The potential for algorithmic bias can surface in the form of discrimination in online ad delivery, hiring practices, loan offers, and even dating websites.
Now a multidisciplinary team from the Data Science Unit of the Catalan technology center Eurecat, jointly with the Pompeu Fabra University and the Technical University of Berlin, wants to correct this issue.
They are working on an algorithm that reorganizes search results without affecting the validity of the ranking.

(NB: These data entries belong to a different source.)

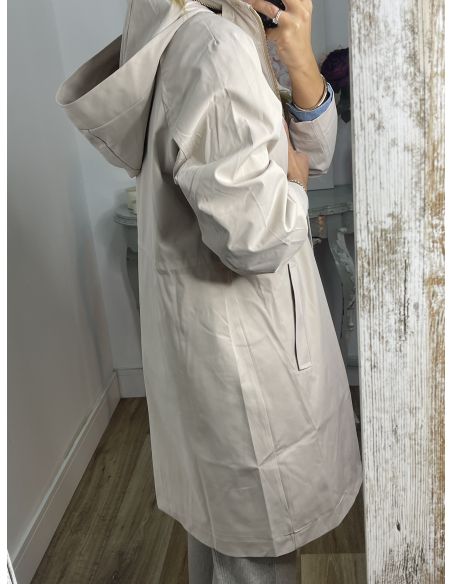 Chaqueta tipo parka liso beige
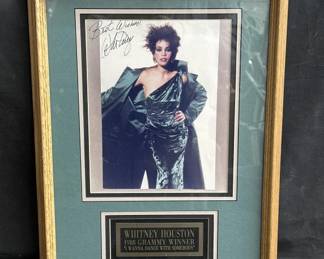 Lot # : 593 - Framed signed poster print of Whitney Houston 1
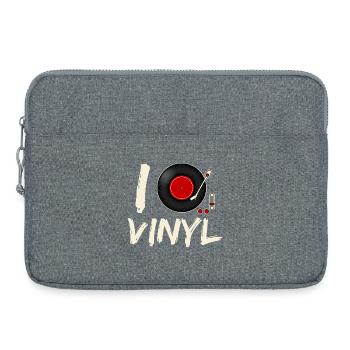 I Love Vinyl Record Player Design - Laptoptasche 15" - Grau meliert - Vorne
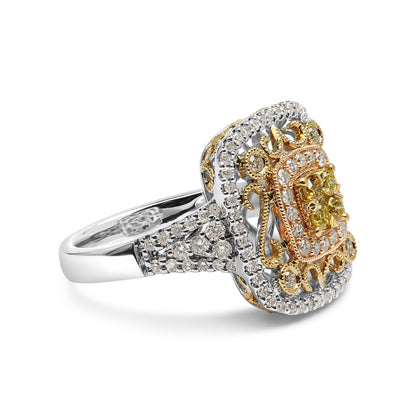 Close-up side angled view of a ring featuring an intricate design with white, yellow, and rose metal colors. The top is adorned with prong-set round white gemstones around the edges and center, with a cluster of prong-set round yellow gemstones in the middle, surrounded by ornate scrollwork. The band also has prong-set round white gemstones.
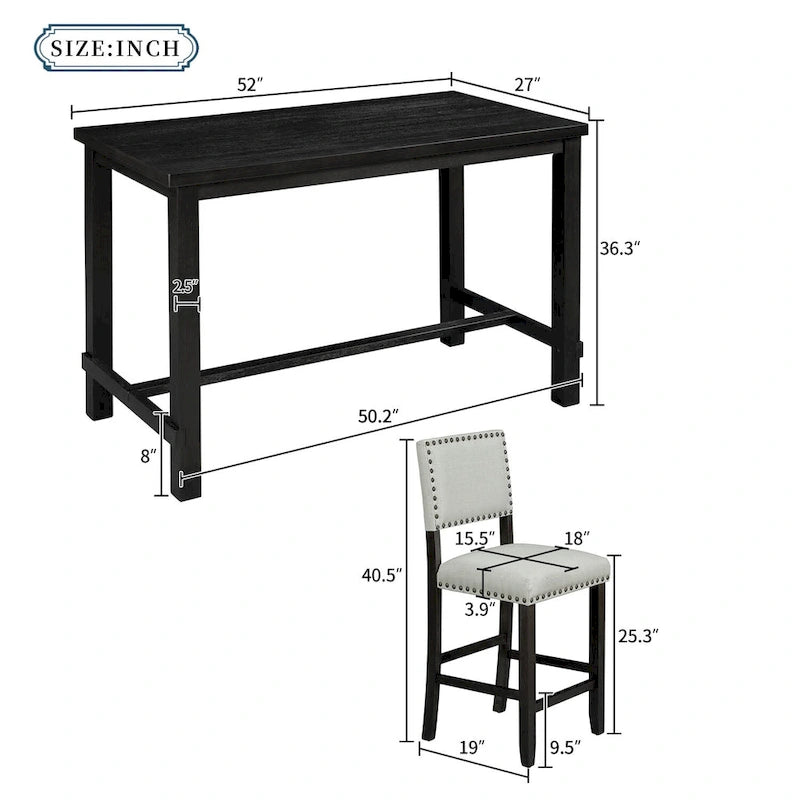 5-Piece Counter Height Dining Set with Table and 4 Chairs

They've called the algorithm FA*IR, with IR standing for information retrieval.
Carlos Castillo, director of the data science unit at Eurecat, tells ZDNet that "most of the time, it's unclear how automated systems come to their conclusions". Bias is not intentional but "a consequence of the data input and how variables interact".
Castillo's team first analyzed several tools based on machine-learning ranking algorithms designed to assess risk, such as COMPAS in the US or Riscanvi in Catalonia.
They also examined the way Google Ad Settings works, with AdFisher, an automated tool freely available on GitHub that explores how user behaviors, Google's ads, and Google's Ad Settings interact.
With all those inputs, and using real datasets from a job-search platform and a lending system, researchers have come up with a prototype that can reorganize search results so that the profiles appearing in, let's say, 100th position have the same opportunities as those showing in the top places.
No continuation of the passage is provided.